As a member of the WINE 2008 program committee, I hereby exercise my right to advertise on my blog, the list of accepted papers. If I appear to be "late with the news", my excuse is that I was waiting for the list of short papers to appear, not just the list of long papers. For your inconvenience, both lists seem to appear as Excel spreadsheets, doubly annoying if, like me, you previously made the mistake of installing the odious Office 2007 in place of the slightly more benign Office 2003.
Moving from presentation to content, I see an continued emphasis on non-cooperative games, and in particular, congestion games on networks is still going strong. There's a bit of social choice theory, like "Anonymity-Proof Voting Rules" by Vincent Conitzer, and "Frequent manipulability of Elections: The Case of Two Voters" by Shahar Dobzinski and Ariel Procaccia. I do not count "Biased Voting and the Democratic Primary Problem" (by Kearns and Tan) in this set, since there the emphasis is more on information diffusion in networks, than on properties of voting rules. There are one of two papers on cooperative games, but not many. (e.g. "Overlapping Coalition Formation" by Chalkiadakis, Elkind, Markakis and Jennings.)

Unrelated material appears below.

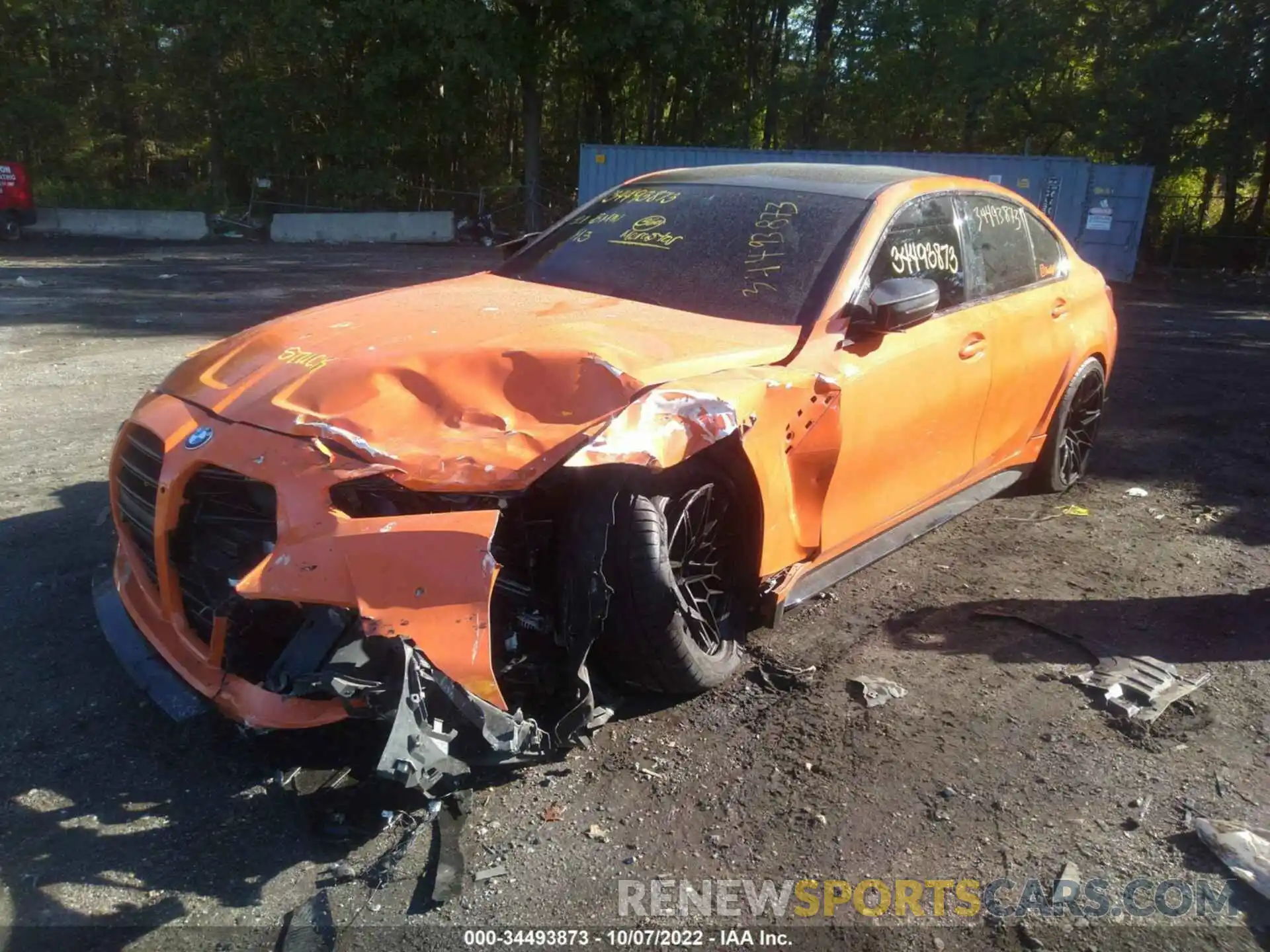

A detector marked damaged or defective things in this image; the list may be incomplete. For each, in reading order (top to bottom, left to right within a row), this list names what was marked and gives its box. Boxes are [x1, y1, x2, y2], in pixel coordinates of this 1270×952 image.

On a completely different topic, it nice to read about Richard Stallman having a go at "cloud computing". His complaint, that it's a mechanism to suck users into locked, proprietary systems, looks entirely valid. Also from the article: His comments echo those made last week by Larry Ellison, the founder of Oracle, who criticised the rash of cloud computing announcements as "fashion-driven" and "complete gibberish". Indeed. I would personally criticise the phrase "cloud computing" itself; and note that any intended metaphor is misleading.